Introduction

When processing documents in Kodexa, effective state management is crucial for building reliable and maintainable systems. This article explores how to implement a state machine approach for document processing, addressing common challenges and providing concrete implementation examples.

Beyond Event-Driven Processing

Many document processing implementations start with simple event reactions. While intuitive, this approach can become problematic as your system grows:

  • Event-driven systems often become “chatty” with excessive message volume
  • Processing may occur without awareness of the document’s current state
  • Document family events occur frequently, making it difficult to track meaningful state changes
  • Failure handling becomes complex and inconsistent

The State Machine Approach

A more robust solution is to design a clear state machine for your document processing workflow.
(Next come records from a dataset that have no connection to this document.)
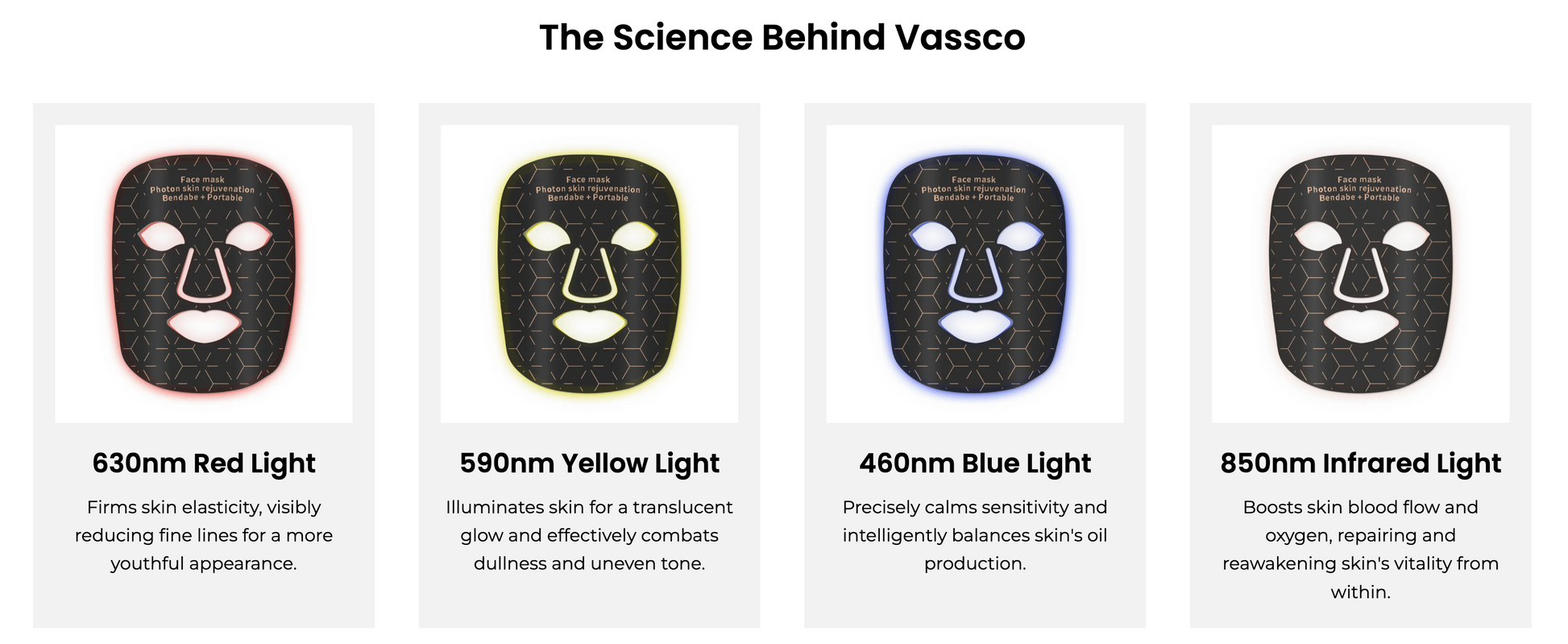 Stonnic LED Mask skincare with light spectrum information on a white background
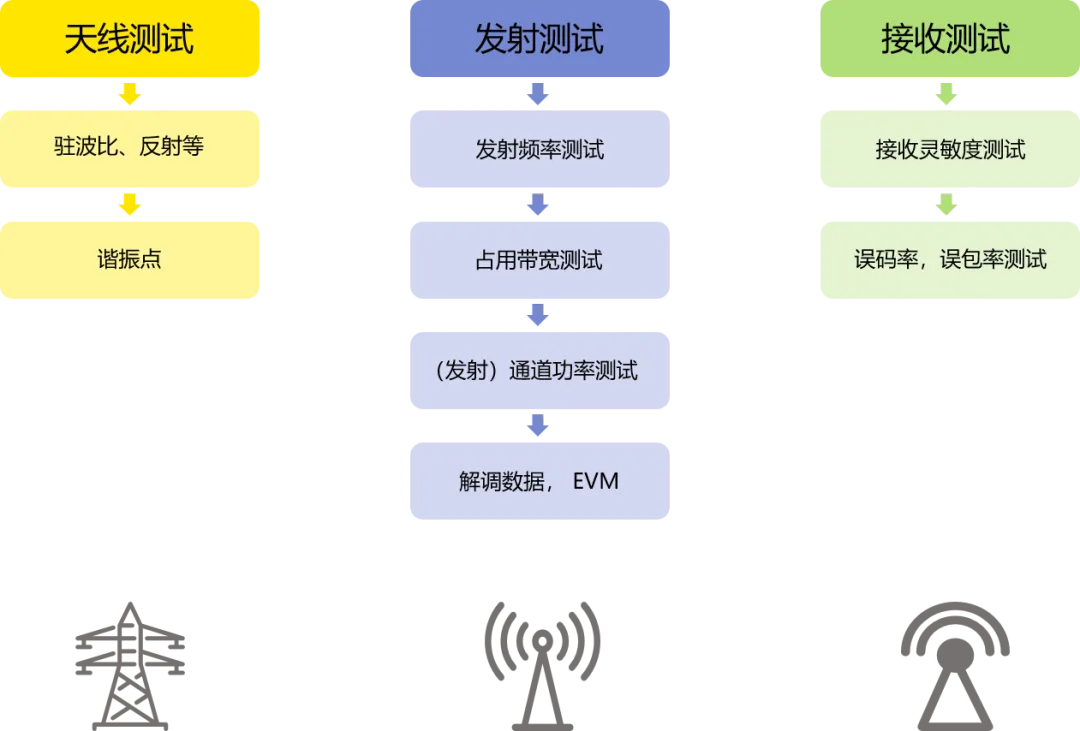 RSA5000實時(shi)頻(pin)譜(pu)分析(xi)儀(yi)在無(wu)線收髮(fa)係(xi)統(tong)測(ce)試(shi)方案(圖1)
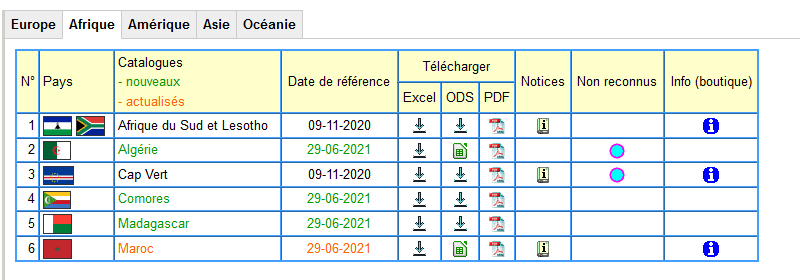 page de téléchargement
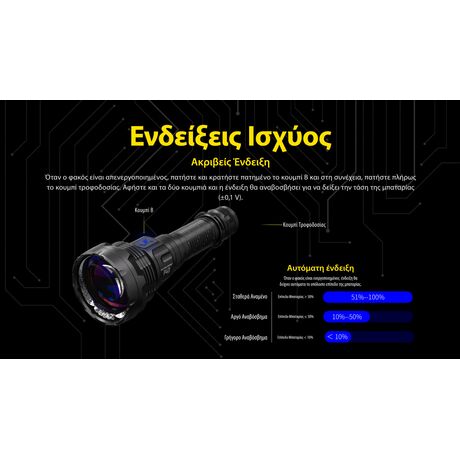 ΦΑΚΟΣ LED NITECORE PRECISE P40, Ultra long throw , 2900m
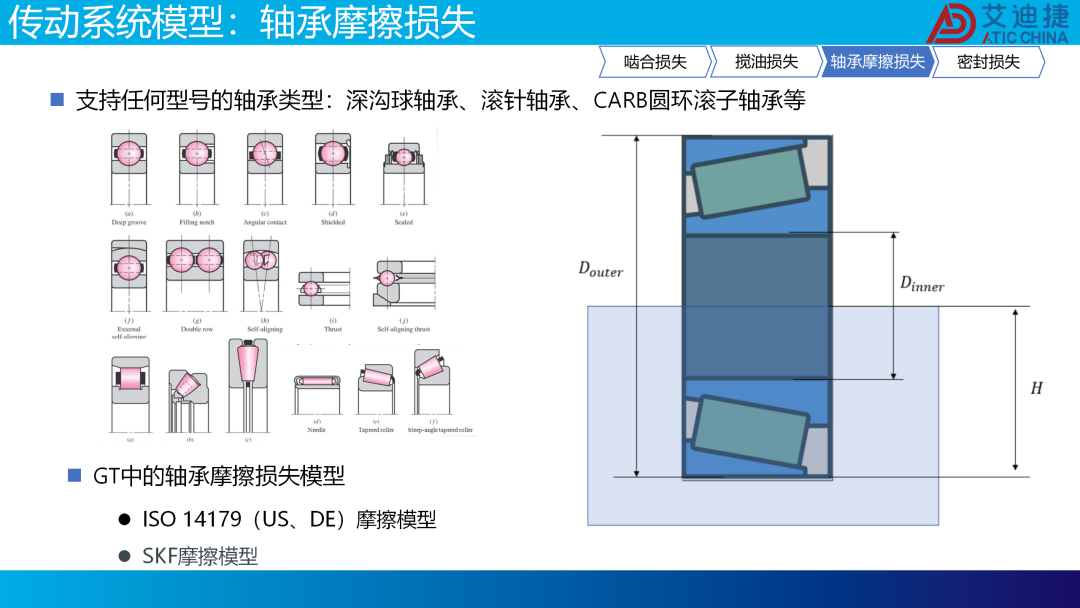 减速器低温传动效率预测仿真方法(图12)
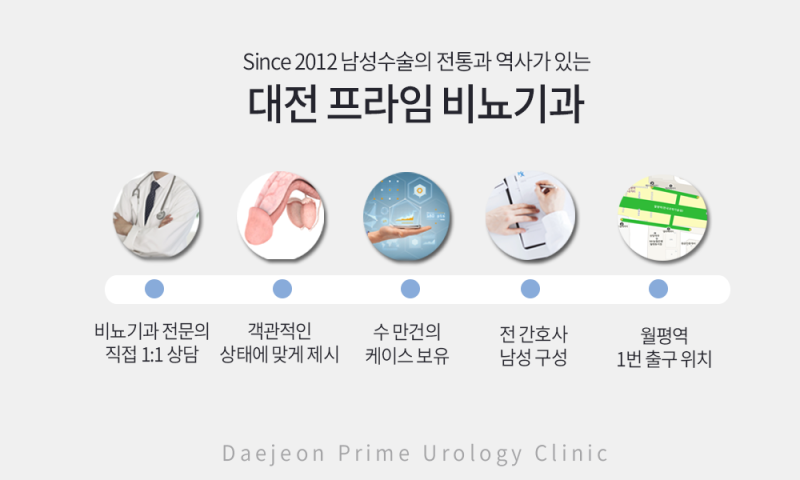 대전비뇨기과 상담하기 편한 곳 추천! 2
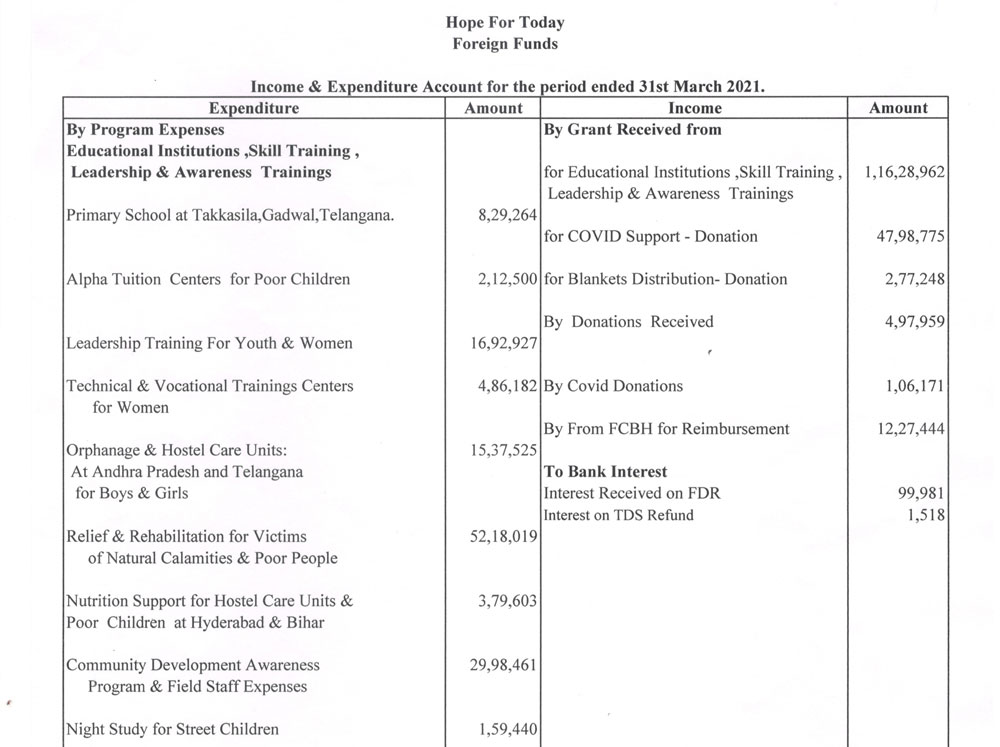 Balance Sheet 2021
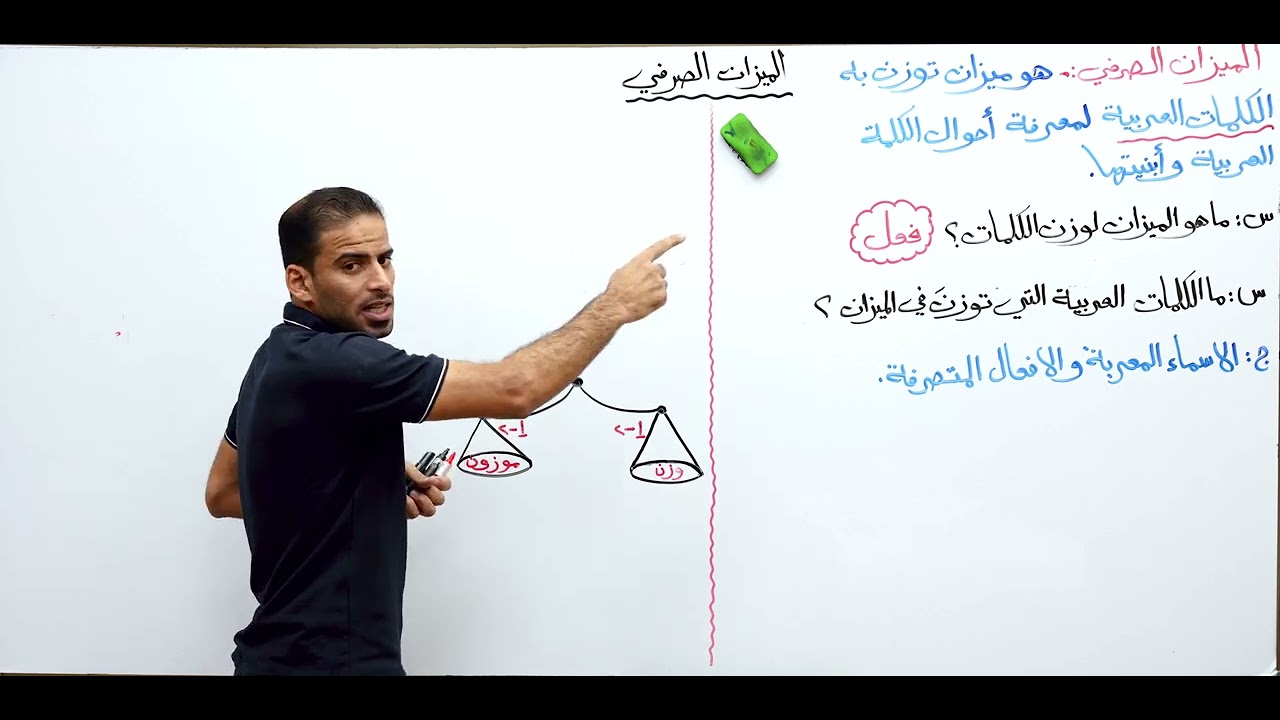 الميزان الصرفي  - الاستاذ عمار السلامي - الجزء الاول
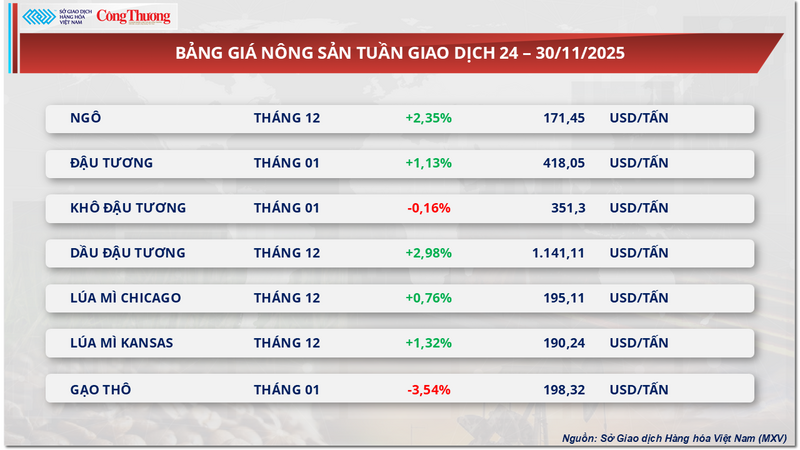 Bảng giá Trang Chủ OKVIP COM Top #1
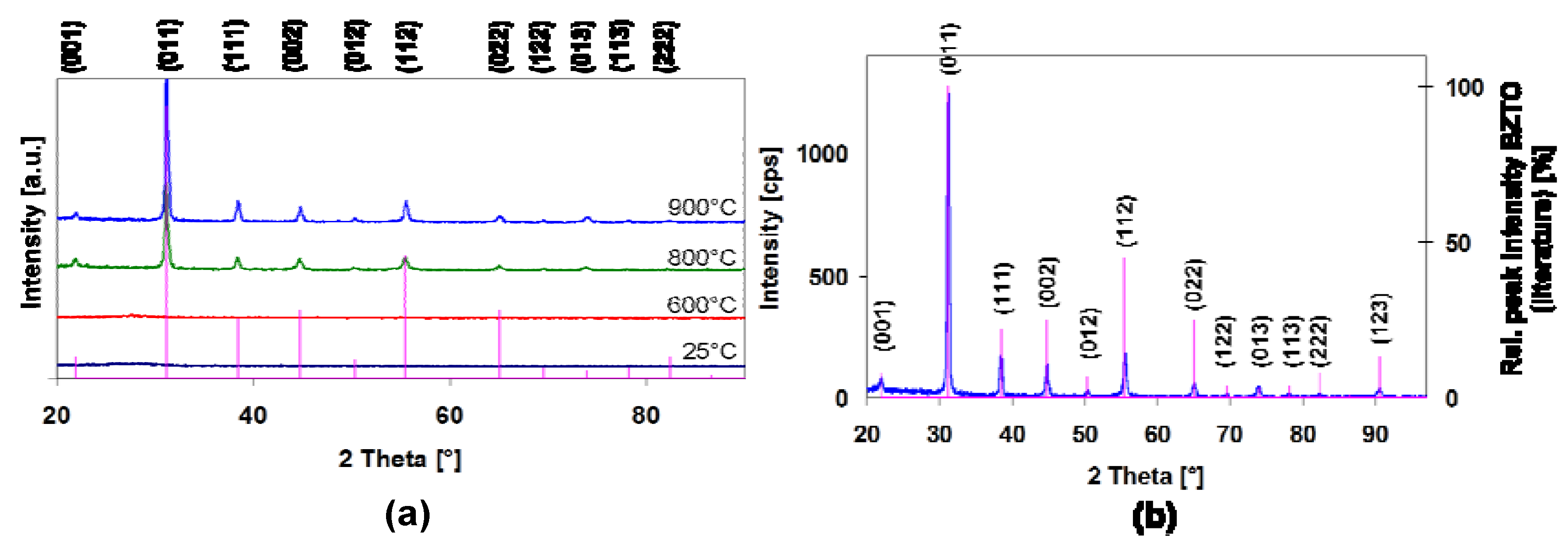 Materials 05 00575 g003 1024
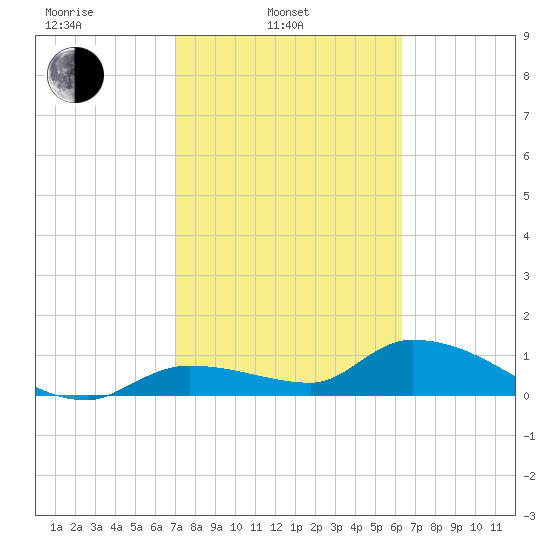 North end tide chart for Monday, February 13, 2023
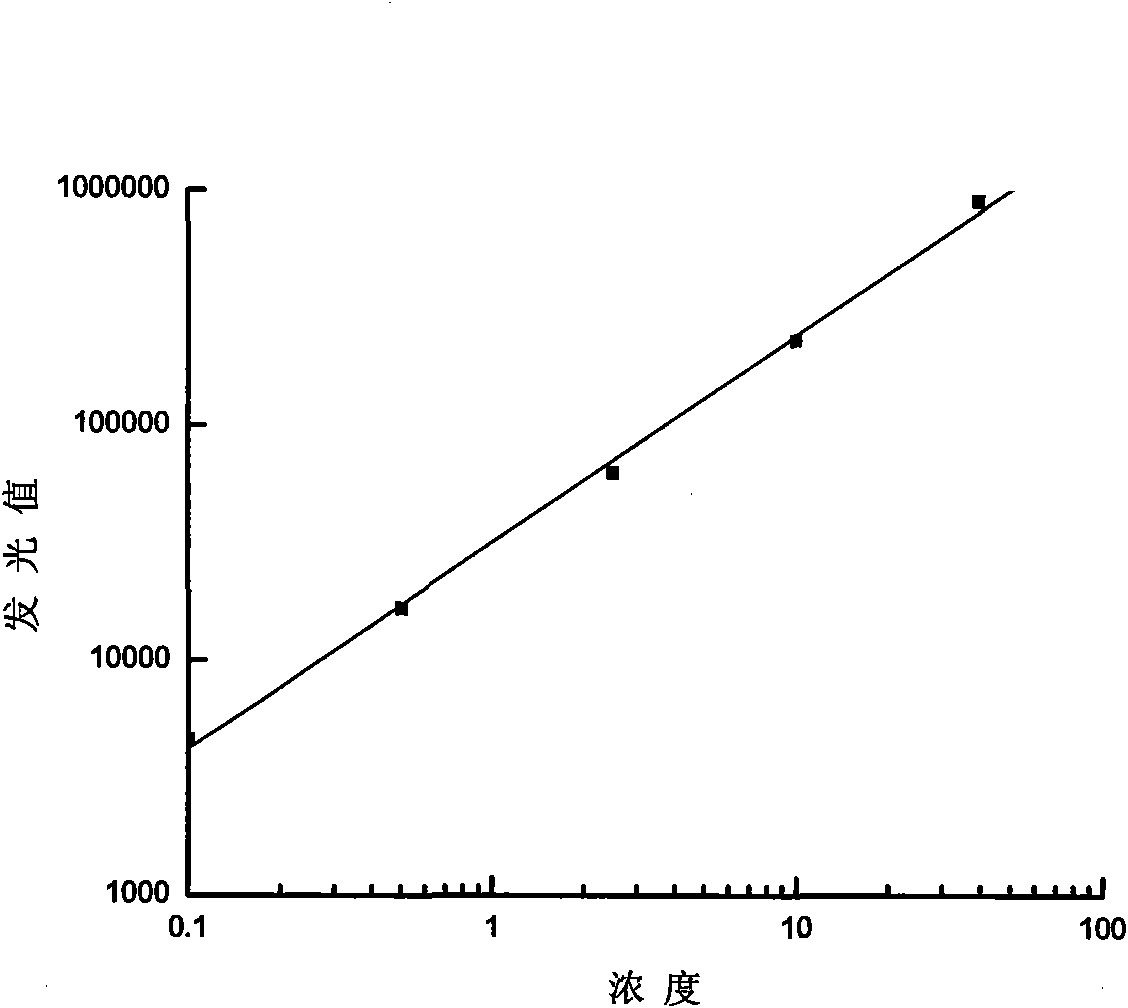 Chemoluminescent substrate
For example:

Uploaded → Prepared (OCR'd) → Labeled → Published
         ↘                  ↘           ↘
           Failed            Failed      Failed

In Kodexa, you can implement this by:

  1. Defining document statuses in the Manage Project section
  2. Adding status update models at the end of each processing pipeline
  3. Triggering subsequent processing based on status changes rather than generic events

Best Practices for Pipeline Design

When building pipelines in Kodexa:

  1. End-of-Pipeline Status Updates: Each pipeline should conclude by setting an appropriate document status:
# At the end of a preparation pipeline
document_family.set_document_status(prepared_status)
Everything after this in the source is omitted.